Quels sont les points communs entre ces projets contestés, recensés par France Nature Environnement en Midi-Pyrénées ?
Marie-Laure Cambus : Nous réalisons depuis trois ans cette carte des points noirs de l’environnement. En Midi-Pyrénées cinq sont particulièrement emblématiques : le projet d’autoroute Castres-Toulouse, le futur centre commercial "Val Tolosa" à Plaisance du Touch, le barrage de Sivens à Lisle sur Tarn, la protection du grands tétras et et le ramblaiement des gravière dans la Vallée de l’Ariège. Leur point commun c’est que systématiquement l’intérêt particulier prime sur l’intérêt général, et la société civile s’oppose à ces projet auprès des instances dédiées mais elle est peu ou pas entendue. Par exemple sur Sivens, les associations ont travaillé avec les experts pendant plus de deux mois et demi pour arriver à un postulat très argumenté et technique sur l’utilité de ce projet et les dommages environnementaux. Au final, ils se sont heurtés à une position de principe des agriculteurs - « il nous faut de l’eau ». On nous assène qu’il ne faut pas faire barrage au développement économique mais on oublie le bien commun. Une zone humide est un endroit où il y a des services éco-systémiques rendus, utiles à tous. C’est une zone tampon pour réduire les crues, un endroit qui permet d’épurer l’eau et donc de réduire les coûts portés par la collectivité.
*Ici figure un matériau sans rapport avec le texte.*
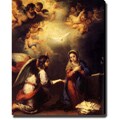 Raphael Santi 'Angel' Canvas Art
Marina Casula, pourquoi ne sommes-nous pas prêts au dialogue environnemental ?
Marina Casula : Qu’entend-t-on par dialogue environnemental ? selon les acteurs, il y a une asymétrie dans les attentes. Pour les associations représentant la société civile, la notion de dialogue implique un échange avec un débat sur les points de vue. Pour les institutions politiques, prenons l’exemple de l’enquête publique, c’est l’occasion d’une information donnée aux citoyens sur les projets d’aménagement du territoire. Dans les travaux en sociologie autour de la participation des citoyens, celle-ci est souvent avancée comme une façon de légitimer le rôle du politique avec l’idée que dans les débats constitués ce sont les intérêts les mieux représentés qui vont emporter la décision.
Marie-Laure Cambus : Effectivement, lors du débat public sur le barrage de Sivens, les association de défense de l’environnement sont venues en masse, une trentaine de participants, avec un discours harmonisé. Les agriculteurs mobilisés par la FNSEA , eux, ont rempli deux bus. Nous n’avions pas la même force de frappe.
Marina Casula : Oui, le poids du nombre et de la parole importe. Et quand le dialogue passe par la concertation, il est synthétisé mais souvent à visée consultative et non applicative. Le projet est déjà décidé et la concertation permet de se conformer au texte de loi, en l’occurrence la convention d’Aarhus traduite en droit français en 2002. Elle impose un devoir d’information du citoyen dans les projets d’aménagement liés à l’environnement, sa participation aux prises de décisions mais sans donner les clés de cette participation et, la possibilité de recours en justice.